Nice refreshing rapport @maria41, you guys are really open-minded and seasoned travellers!  I was only making a joke about the Frenchies, no harm intended! :biggrin:
No worries!  :biggrin:
I have an “entente cordiale” with Alistair   :ricky:

Offline maria41

Re: Around Southern Africa on 2 small bikes
« Reply #259 on: November 30, 2018, 03:57:47 pm »
Day 77 – South Africa, Nelspruit – 110kms, Monday 13th August


I had booked a hotel in Nelspruit (called SUN1), for 3 nights, within walking distance of the motorcycle workshop that had ordered our tyres (Pitlane).

We arrived at the hotel around lunchtime. It was reasonably priced, similar to an Ibis hotel budget or a Formula 1, in term of set up, with a bunk bed above the double bed and a shower in the bedroom while the toilet was in a small cubicle.  It was clean, modern, functional and totally adequate.
It was also across a small shopping mall with a big SPAR and few cafes and restaurant. Perfect for us.

We arrived relatively early but the friendly staff gave us the keys. After dropping our luggage we rode to Pitlane and left the bikes with them, with a list of instructions:

•   Leave the chains setting as they are (mechanics always leave the chain way too tight);
•   Do NOT jet wash the XT250, as water was causing problems with the electrics;
•   Do not touch the oil gauge window on the XT (it was glued in and already fell inside the engine once!).

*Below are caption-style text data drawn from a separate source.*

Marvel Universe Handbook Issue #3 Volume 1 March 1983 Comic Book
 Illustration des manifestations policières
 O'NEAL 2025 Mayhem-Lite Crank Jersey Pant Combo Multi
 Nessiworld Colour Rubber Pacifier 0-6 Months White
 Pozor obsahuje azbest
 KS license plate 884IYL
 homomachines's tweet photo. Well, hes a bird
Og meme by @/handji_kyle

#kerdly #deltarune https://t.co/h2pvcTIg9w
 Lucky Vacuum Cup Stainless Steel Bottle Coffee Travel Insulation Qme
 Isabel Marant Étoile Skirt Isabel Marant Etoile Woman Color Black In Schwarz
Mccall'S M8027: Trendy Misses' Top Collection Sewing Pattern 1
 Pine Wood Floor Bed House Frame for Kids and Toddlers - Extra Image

My bike was leaking oil, as the oil filler cap was not original to my bike, and the thread was now broken, hence it would not close properly, splattering my right boot with plenty of oil.
Luckily, Pitlane found a good replacement.

Over the next day they did a good job. My back inner tube was damaged and they replaced it as well as filling it with green slime (we told them we had slime inside our inner tubes – for punctures).

My stomach was not too good, Alistair was also feeling unwell, so we did not do much else that day.